佐治登喜治良 さじときじろう
明治41年(1908)、正隆(まさたか)と改名。
文久元年(1861)近江国甲賀郡神保村(現、滋賀県甲賀郡甲賀町神保)に父藤橋長右衛門、母なみの次男として生まれた。
実兄藤橋光治良は水口大教会初代会長になった。
明治元年(1868)から近くの寺子屋へ通い、同9年には王滝学校という所で村の子供達に和漢の書について教えている。
明治13年、甲賀郡嵯峨村佐治伊八の養女くにと結婚、同家の養嗣子となる。
明治16年軍隊に入り、翌年大和への行軍中、宿で教祖(おやさま)を拝し、主人から教理の概要を聞いて感銘を受ける(『稿本天理教教祖伝逸話篇』243~245ページ)。
明治19年、京都府宇治田原町の西野清兵衛は初めて天理教を滋賀県甲賀地方へ伝えた。
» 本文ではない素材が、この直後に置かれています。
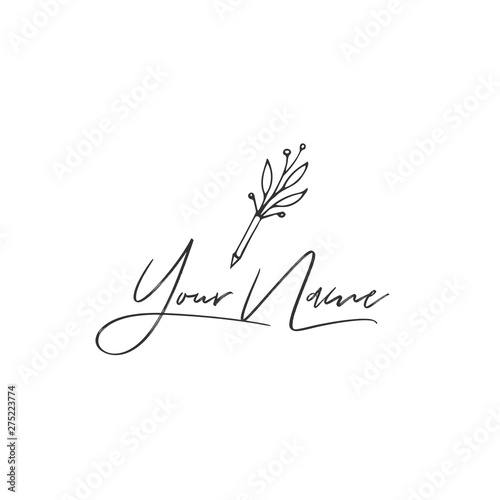 Vector hand drawn logo template with a flourishing pen icon. Copywriting, writing and publishing theme.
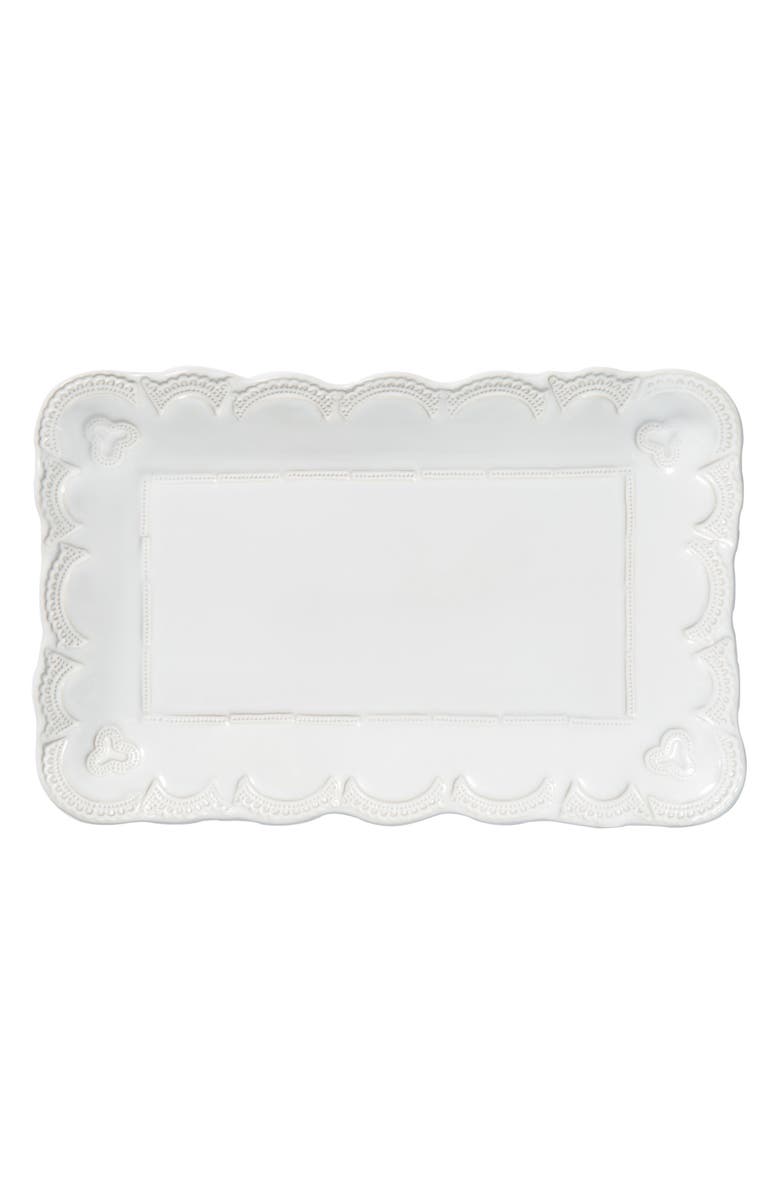 VIETRI Incanto Stone Lace Small Serving Platter, Main, color, White
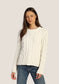 Dylan Preston Plush Cable Sweater in White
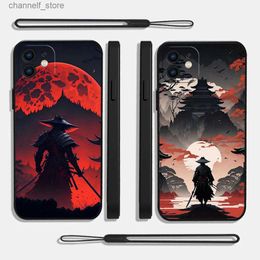 Cell Phone Cases Japan Samurai Red Sun Tree Phone Case For Huawei P50 P40 P30 P20 Nova 10SE 9 9SE Mate 40 30 20 Pro Lite P Smart 2021 Y7A CoverY240325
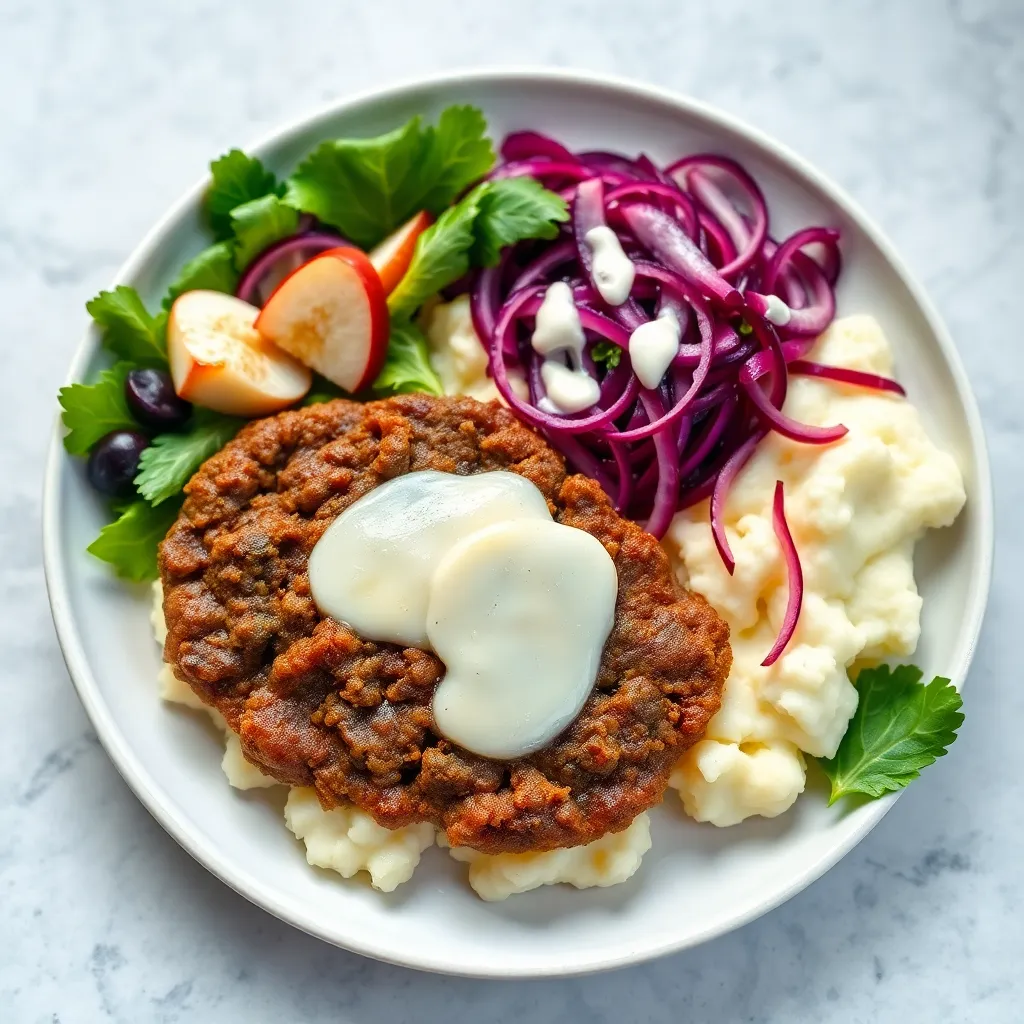 Recept - Holandský mletý rezeň (bravčovo hovädzí) so syrom, zemiaková kaša, šalát z červenej kapusty s majonézou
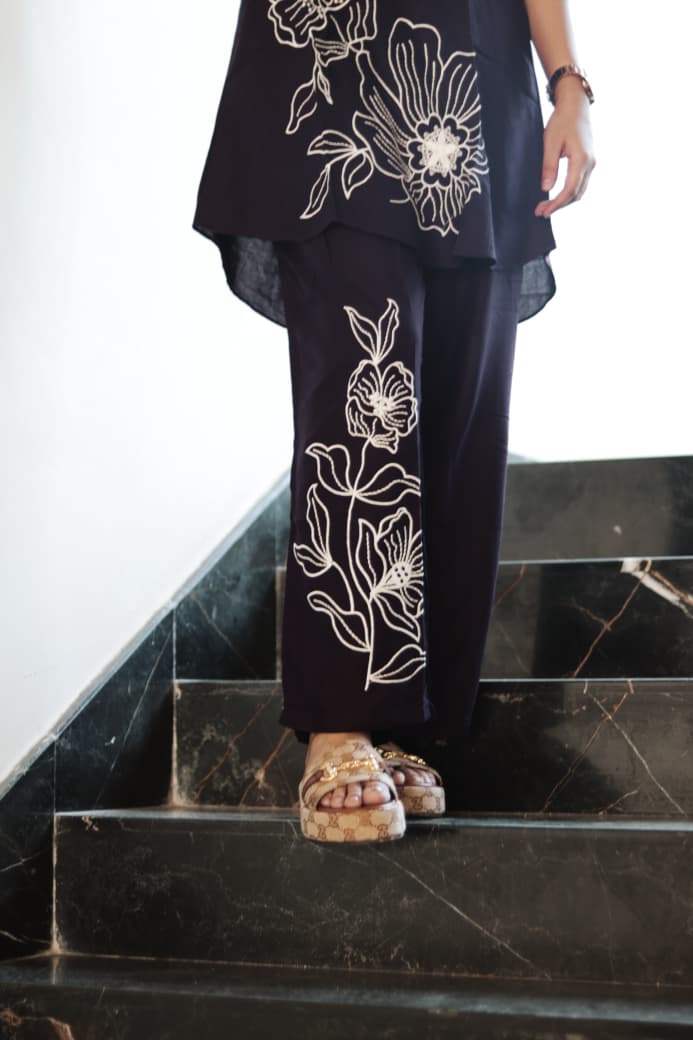 Wine floral embroidery co-ord set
先年教祖の姿を拝していた登喜治良は西野の説く教えに深く感じ入り、以後熱心に布教するようになる。
明治21年、斯道会第95号講社を自宅に結び、新たに布教の根拠地と定めた八日市にて明治22年10月、湖東連合集談所を開設した。
佐治登喜治良に始まった布教線は、愛知、新潟、九州へと伸び、明治24年9月26日湖東支教会設置となり、翌年12月20日県の認可を得て、初代会長となった。
これは天理教が滋賀県下で得た初めての認可であり、その後甲賀、水口の支教会も認可となった。
登喜治良の努力が大きかったと言われる。
生来、気性激しく、布教や説教の時かなりの大声であった。
一面、布教の当初には養父の反対に耐え、自宅から離れた集談所で家族を憶う事もしばしばであった。
明治35年、河原町より分離昇格。
明治42年、湖東は大教会と改称した。
昭和3年(1928)教会ふしん起工式直後の4月3日出直した。68歳。